Ob so viel Uneinigkeit unter Professoren mag sich die oder der eine oder andere Leser oder Leserin jetzt fragen, worum es bei dieser Auseinandersetzung eigentlich geht. Tatsächlich lässt sich nicht leugnen, dass unser Bankensystem schon seit Jahrzehnten kritikanfällig ist. Etwa seit der Grossen Depression in den 1930er Jahren wollten Ökonomen immer wieder eine andere Art Geldverleihungssystem. Denn zu hohe Verschuldung führe zu Immobilien- und folgerichtig zu Bankencrashs, argumentierten sie. Eine Befürchtung, die auch 2018 von Experten und Nationalbankexponenten mitgetragen wird.
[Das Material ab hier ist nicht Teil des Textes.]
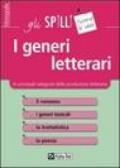 I generi letterari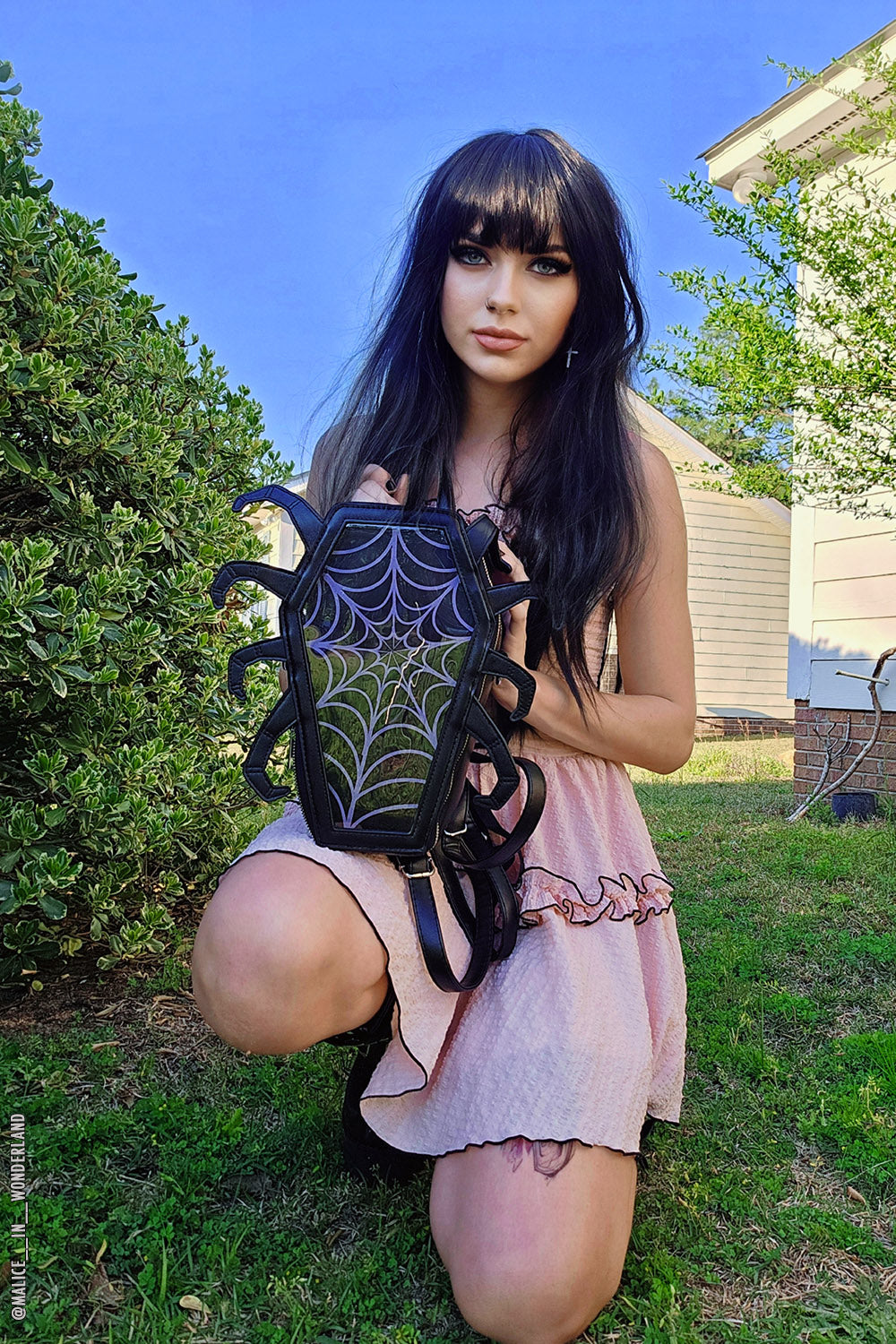 Spider Coffin Ita Bag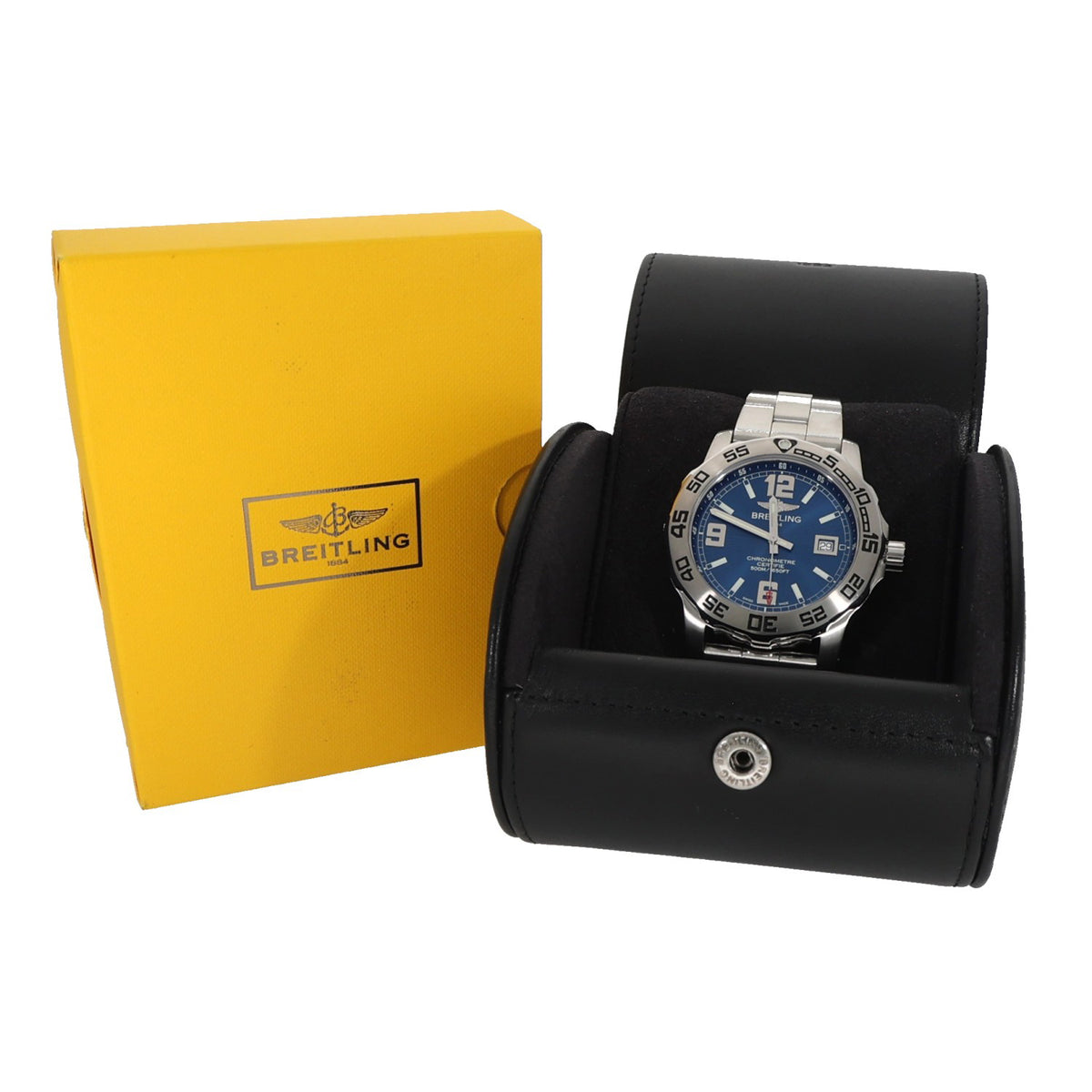 Breitling Colt A74387 44mm Stainless Steel Watch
Doch in Bezug auf das Abstimmungsthema sei daran erinnert, dass die Hauptursache der aktuellen „Geldüberschwemmung“ (und zu hoher Verschuldung) bei den Notenbanken liegt. Für uns in Europa also an der Europäischen Zentralbank mit Mario Draghi als deren Chef. Mit der Flutung der Märkte mit laufend neu gedrucktem Geld verhinderte diese zwar eine grosse Depression, doch seither sind Jahre ungebremster Geldspritzen mit-, wenn nicht hauptverantwortlich für die steigende Gefahr erneuter Blasenbildung. Unserer Notenbank, der SNB, sind da weitgehend die Hände gebunden. Dass die Initianten der Initiative die Macht der Banken brechen wollen, ist aus dieser Sicht verständlich, wenn auch nicht unbedingt nachvollziehbar.
Volksinitiativen noch und noch
Im Übrigen ist die Inflation an Volksinitiativen, mit der wir uns in unserer direkten Demokratie befassen müssen, eindrücklich – ob sich da nicht gelegentlich erste Abnutzungserscheinungen einstellen werden? Zur Erinnerung: Seit der Einführung dieses Mittels (Volksbegehren) 1891 wurde das in diesen 127 Jahren seither 457 Mal versucht – ganze 22 Mal erfolgreich, die Erfolgsquote liegt somit bei 4.8 Prozent. Betrachtet man den ganzen Riesenaufwand und die entsprechenden Kosten für die Steuerzahlenden – vielleicht sollte man doch gelegentlich über die längst fällige Erhöhung der notwendigen 100’000 Unterschriften ernsthaft diskutieren?
Alle politischen Parteien lehnen die Initiative ab, einzig die JUSO befürworten sie.